Between the fighting, there is more story to tell. The only mentionable weakness of the novel lies in the prayers of the Novamarines, a slower affair observed out of respectful necessity. But the following ritual of the Blood Drinkers is far more interesting, drawing upon the history of the chapter and tying into the plot well. I highly suggest you avoid Lexicanum if you don’t want spoilers.
Haley finds a few new ways to challenge one’s perceptions of Space Marines. While there are plenty of the existing preconceptions and stereotypes, he isn’t afraid to reach for the lingering, primitive cultural identities they possessed before becoming Space Marines, giving them some depth where other authors might stagger.
One talking point has to be Captain Galt. It’s interesting to watch a Space Marine charged with keeping a secret from a fellow brother. During a meditation while receiving a chapter tattoo, Galt sees Veteran Sergeant Voldo in a mystic place revered by the Novamarines.
“Death of Integrity continues the Black Library’s fine efforts to up the quality of the Space Marine Battle novels.”
In this, the chaplain forewarns Galt that this means Voldo will die soon. Galt is senior to Voldo only in rank, for in truth the veteran sergeant trained Galt since he was a neophyte, and Galt sees the man as a father figure. It’s intriguing to watch this stoic affection unfold as Galt tries to protect Voldo from his fate.

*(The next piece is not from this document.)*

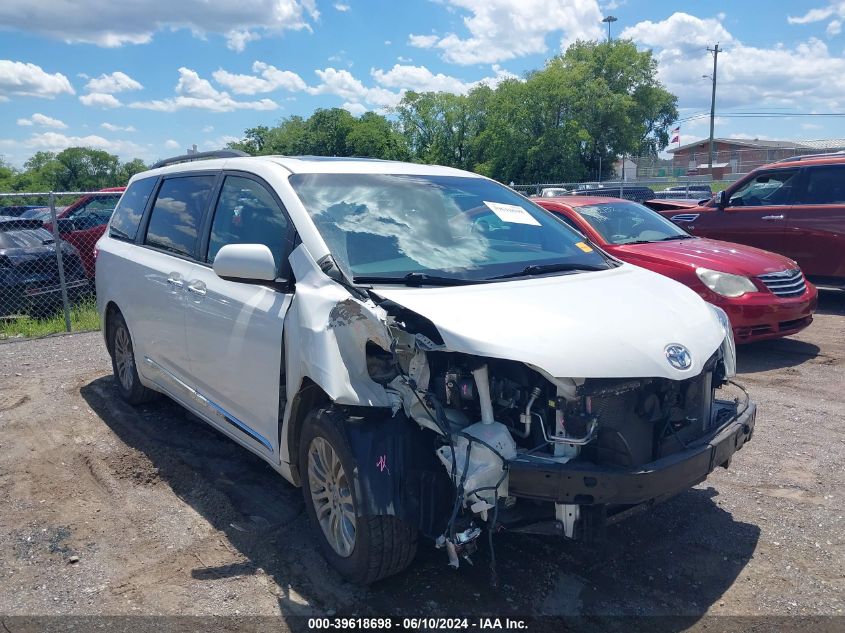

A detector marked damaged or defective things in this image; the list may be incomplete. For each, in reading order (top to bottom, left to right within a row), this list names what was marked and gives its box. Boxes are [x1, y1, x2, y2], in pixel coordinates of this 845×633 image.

damaged white minivan [95, 149, 756, 584]
crumpled hood [376, 262, 724, 378]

Another character worth mentioning must be Chapter Master Caedis of the Blood Drinkers. Despite his rank, Caedis at first proves quite honourable, handing command of the overall mission and all his forces to Captain Galt.
But as it turns out, this too includes self-serving reasons, as Caedis feels the cry of the Black Rage finally taking him. Caedis adds a very personal, spiritual side to the Blood Drinkers, the impact of his final quest having profound effects on the plot to both the aid and detriment of the mission and his chapter.
But Death of Integrity isn’t over until it’s over, as the ending unveils the truth of several secrets all at once. These twist together in such a way that satisfies and shocks the reader. Even the jaded will walk away with something a little new.
The overall tale concludes with two unfinished threads, but Haley seems to sympathize with his audience, adding a historically minded epilogue that acknowledges these loose ends. And hints at more to come.
Death of Integrity continues the Black Library’s fine efforts to up the quality of the Space Marine Battle novels. And with Haley’s latest as proof, no true 40k fan can excuse themselves of ducking this quality work.